When we tacked to go around a vessel that appeared to be towing something, once more we had a call of 'sailing vessel in position X' on the radio. It was a seismic vessel and we had to go 4.5NM around her stern to get safely past the tow!

The NW wind kept heading us until we were 30NM offshore, where we stumbled into a big ship anchorage (not marked on the chart) with at least a dozen vessels hanging out and we had to tack around some of them. We were relieved when we were finally past the Humber, but our troubles were not over.

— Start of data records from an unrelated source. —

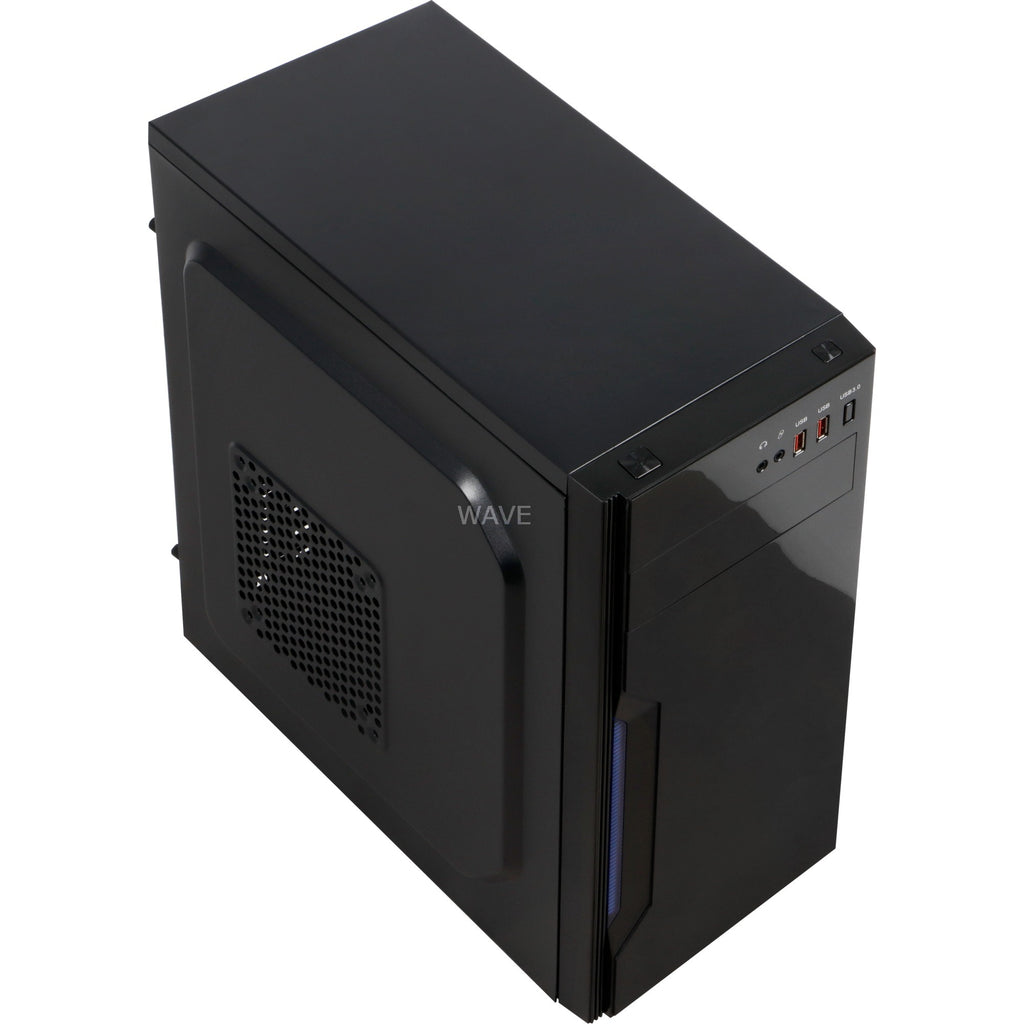Inter-tech b-42 midi tower behuizing (zwart | 2x usb-a)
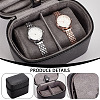 Cowhide Leather Watch Storage Zipper Boxes with Velvet Inside CON-WH0094-44B-4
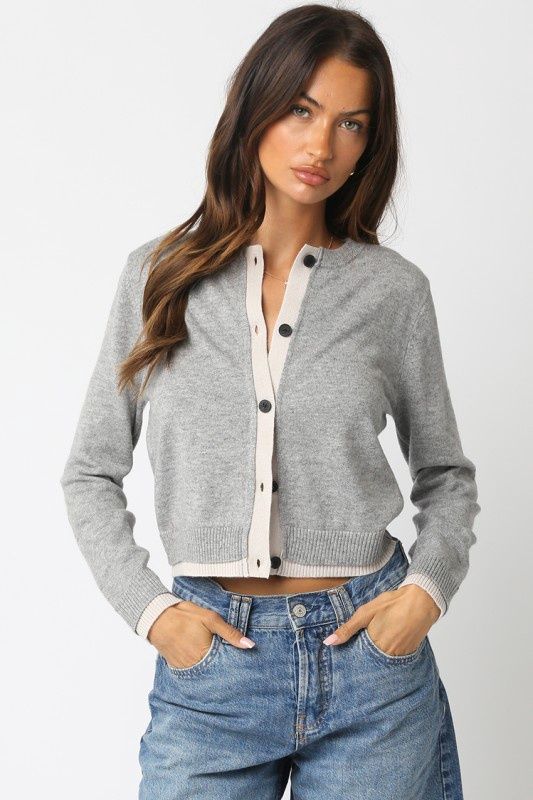 DIYA COLORBLOCK CARDIGAN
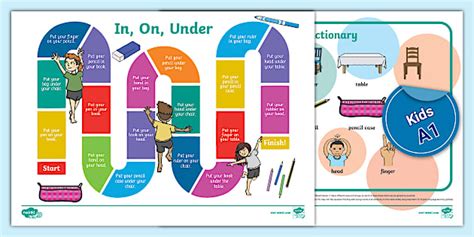 In On Under: TPR Board Game [Kids, A1]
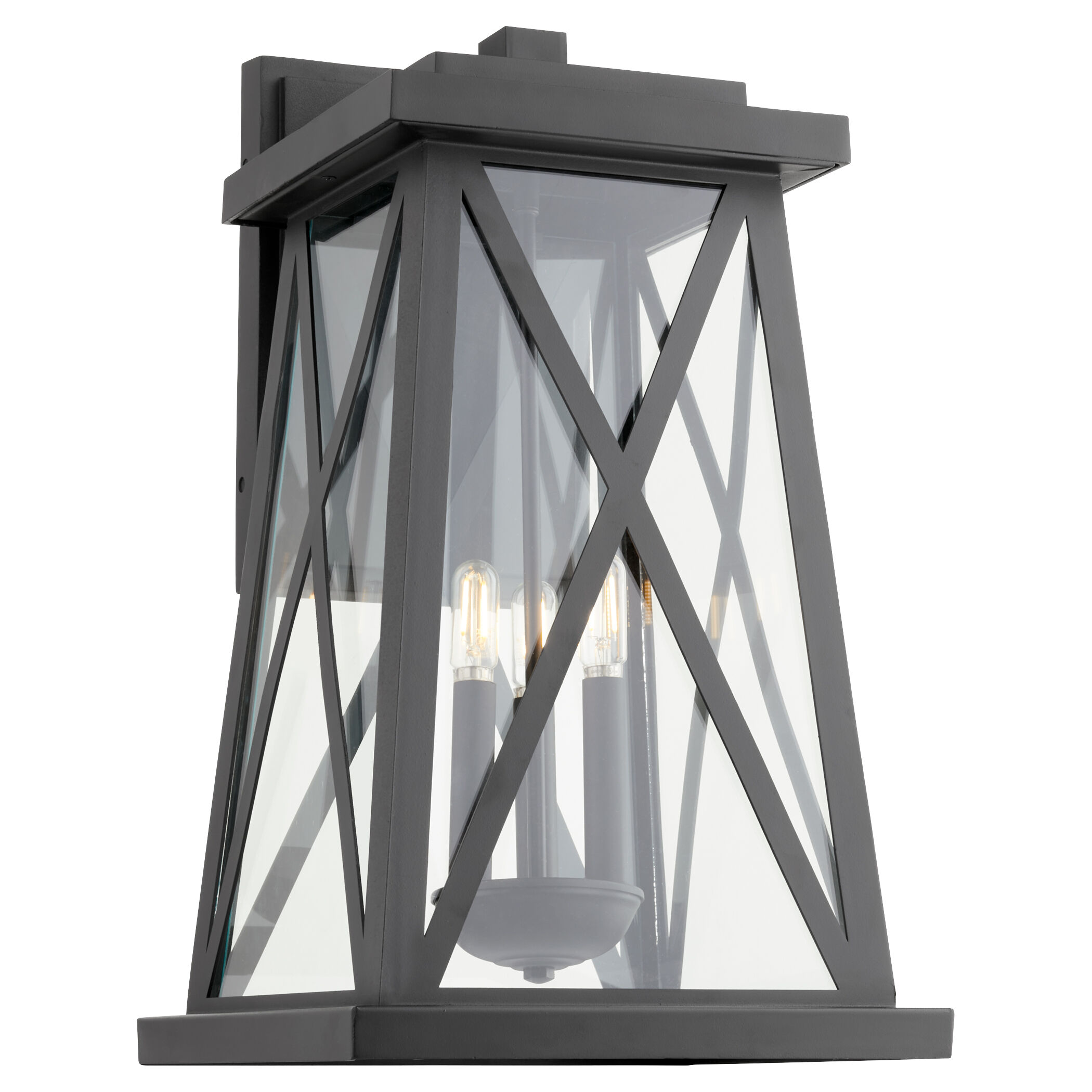 Artesno 3 Light 22 inch Textured Black Outdoor Wall Lantern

We tacked back in shore and all was going well, other than the wind coming up and fizzling out every 30 minutes or so, until the tide turned against us and we just couldn't make any progress towards Flamborough Head. Another exercise in patience. Six hours later, with the tide in our favour, we could finally tack around it, but the sea state further offshore was so rough with a large northerly swell rolling in that I became seasick and Jim heroically single-handed the boat into Scarborough on 1.5 hours of sleep. Of course, the tide just turned an hour too soon for us and it was a couple of hours' slow progress to get in at last, but at least it was a beautiful sunny morning.

Scarborough harbour at low tide
All dried out on their cradles
Scarborough is a very nice harbour and town in a beautiful setting, one of those quaint seaside resorts with dozens and dozens of fish & chips shops, sweet stalls selling rock and tacky gaming arcades. Interestingly, yachts dry out in wooden cradles in the drying part of the port. It's a very friendly place and home to another Trintella 29, which sadly is off in Scotland at the moment. From here, we now have the option of day hopping, though we are hoping to reach the Forth in a oner, leaving Saturday lunchtime.